The North End is a neighborhood in Saint Paul in the U.S. state of Minnesota. The neighborhood was built around Rice Street and is often referred to by that name. It is bounded by Larpenteur Avenue on the north, the Burlington Northern Santa Fe Railroad tracks to the south, Dale Street to the west, and Interstate 35E to the east.

==History==
European settlement of the neighborhood began in the 1840s. In 1849, Edmund Rice purchased a large tract of land in the vicinity of modern Cayuga Street and Interstate 35E for an estate he called Trout Brook. Beginning in 1857, Edmund Rice helped to establish and build the St. Paul and Pacific Railroad through his property, which forms the southern border of the North End. Other railroads began to encircle the neighborhood in the 1880s, including the Northern Pacific Railroad tracks running north of Maryland Avenue and the Soo Line, today the path of the Trout Brook Regional Trail.

These railroads drove settlement in the southern part of the neighborhood. Large employers located along the railroad corridor, including the Jackson Street Roundhouse and the former Saint Paul Foundry, now the Empire Builder Business Park. Rice Street, which had its origins in rough trails used by the fur trade, gradually became a major commercial and transportation corridor, with horsecar and later electric streetcar service as far north as Ivy Avenue. These brought development further north into the neighborhood, although areas north of Maryland Avenue remained substantially undeveloped until the mid-to-late 20th century. The neighborhood became a traditional entry point for successive waves of immigrants to Saint Paul, including Romanians, Bohemians, Hungarians, Irish, and especially southern Germans. The area south of Maryland Avenue around the St.
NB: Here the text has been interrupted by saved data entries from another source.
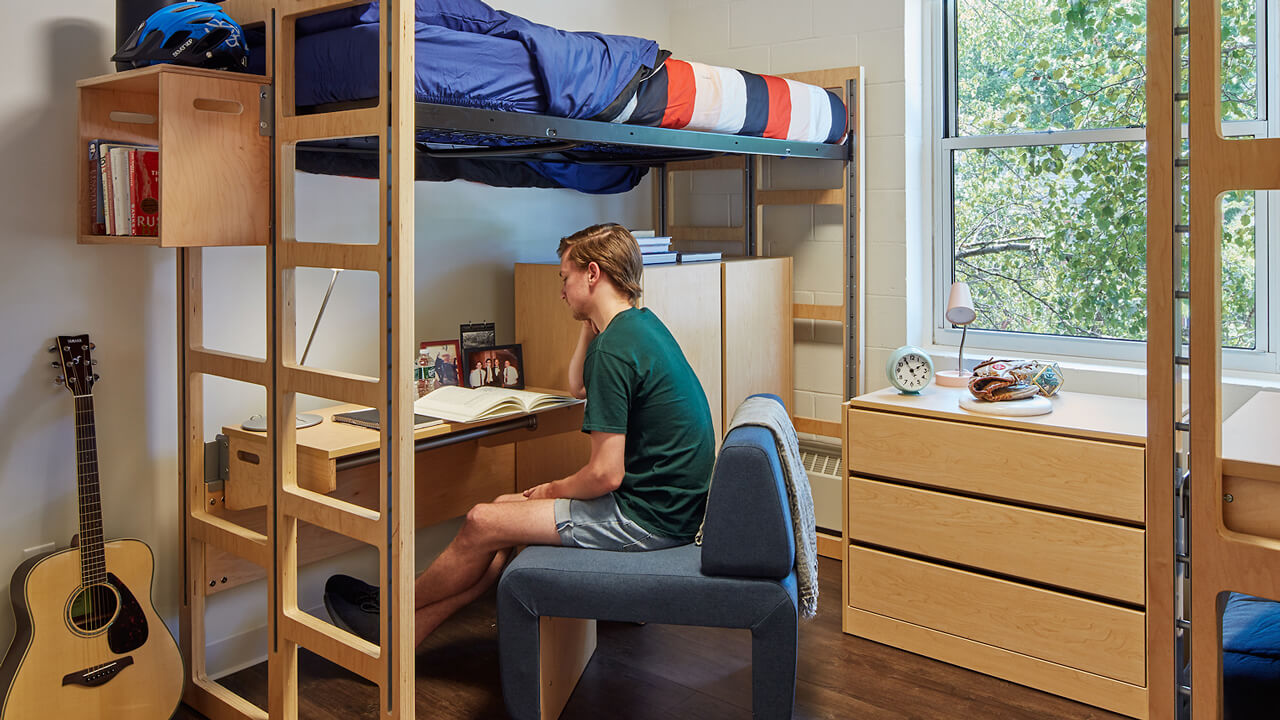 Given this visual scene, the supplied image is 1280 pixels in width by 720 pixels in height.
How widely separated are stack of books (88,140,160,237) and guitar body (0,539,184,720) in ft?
2.45

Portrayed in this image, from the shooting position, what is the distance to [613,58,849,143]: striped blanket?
2492 millimetres

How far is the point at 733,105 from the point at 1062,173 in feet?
4.09

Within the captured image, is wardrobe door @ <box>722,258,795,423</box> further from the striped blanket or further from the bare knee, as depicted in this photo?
the bare knee

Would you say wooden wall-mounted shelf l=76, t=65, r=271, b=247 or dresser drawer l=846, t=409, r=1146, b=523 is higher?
wooden wall-mounted shelf l=76, t=65, r=271, b=247

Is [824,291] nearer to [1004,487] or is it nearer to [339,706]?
[1004,487]

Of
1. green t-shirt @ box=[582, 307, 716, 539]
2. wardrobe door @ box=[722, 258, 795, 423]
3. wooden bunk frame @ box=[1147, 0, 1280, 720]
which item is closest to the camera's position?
wooden bunk frame @ box=[1147, 0, 1280, 720]

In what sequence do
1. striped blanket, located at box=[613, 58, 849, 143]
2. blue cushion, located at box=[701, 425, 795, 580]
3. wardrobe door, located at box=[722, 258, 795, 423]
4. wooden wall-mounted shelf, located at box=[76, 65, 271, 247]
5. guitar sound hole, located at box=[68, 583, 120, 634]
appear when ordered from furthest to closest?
wardrobe door, located at box=[722, 258, 795, 423]
striped blanket, located at box=[613, 58, 849, 143]
guitar sound hole, located at box=[68, 583, 120, 634]
blue cushion, located at box=[701, 425, 795, 580]
wooden wall-mounted shelf, located at box=[76, 65, 271, 247]

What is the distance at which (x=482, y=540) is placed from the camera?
238cm

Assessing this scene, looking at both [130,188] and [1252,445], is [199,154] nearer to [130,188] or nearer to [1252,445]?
[130,188]

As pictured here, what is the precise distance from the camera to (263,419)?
2510 millimetres

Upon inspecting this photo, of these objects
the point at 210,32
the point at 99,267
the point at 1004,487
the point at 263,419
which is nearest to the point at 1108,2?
the point at 1004,487

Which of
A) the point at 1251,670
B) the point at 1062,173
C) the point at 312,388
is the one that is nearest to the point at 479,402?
the point at 312,388

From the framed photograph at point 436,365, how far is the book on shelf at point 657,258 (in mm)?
661

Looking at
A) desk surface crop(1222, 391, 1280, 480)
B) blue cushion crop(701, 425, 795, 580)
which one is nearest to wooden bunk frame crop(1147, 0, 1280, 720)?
desk surface crop(1222, 391, 1280, 480) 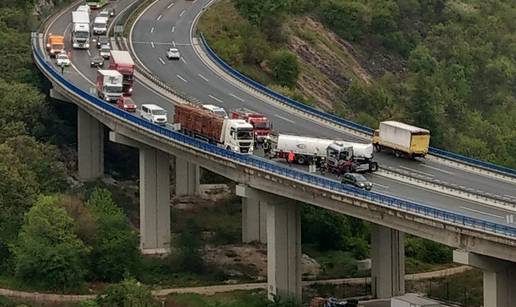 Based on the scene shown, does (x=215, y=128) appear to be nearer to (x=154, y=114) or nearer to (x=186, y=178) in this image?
(x=154, y=114)

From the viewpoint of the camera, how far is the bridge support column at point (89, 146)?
10969cm

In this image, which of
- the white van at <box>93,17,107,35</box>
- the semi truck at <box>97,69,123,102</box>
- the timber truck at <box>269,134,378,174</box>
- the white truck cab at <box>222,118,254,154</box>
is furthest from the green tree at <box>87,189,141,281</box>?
the white van at <box>93,17,107,35</box>

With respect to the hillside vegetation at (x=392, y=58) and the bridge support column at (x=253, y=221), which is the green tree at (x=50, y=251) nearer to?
the bridge support column at (x=253, y=221)

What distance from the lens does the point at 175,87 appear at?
11162 cm

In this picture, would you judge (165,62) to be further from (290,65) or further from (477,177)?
(477,177)

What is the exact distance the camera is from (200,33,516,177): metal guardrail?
3199 inches

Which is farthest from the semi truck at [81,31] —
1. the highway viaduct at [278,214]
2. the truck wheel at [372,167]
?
the truck wheel at [372,167]

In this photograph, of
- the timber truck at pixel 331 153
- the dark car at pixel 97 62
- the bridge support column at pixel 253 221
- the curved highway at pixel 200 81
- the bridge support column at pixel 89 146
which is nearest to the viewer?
the timber truck at pixel 331 153

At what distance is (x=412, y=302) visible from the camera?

Bernard's Church became known as "Little Bavaria" for its many German residents and businesses.

Like many urban neighborhoods, the North End experienced decline in the second half of the twentieth century due to White Flight and concentrated poverty. New waves of immigrants replaced the descendants of previous generations, including substantial numbers of Hmong, Somali, and Karen refugees. Today the North End is one of Saint Paul's most diverse neighborhoods. Substantial efforts by local government aimed at revitalizing the area are ongoing.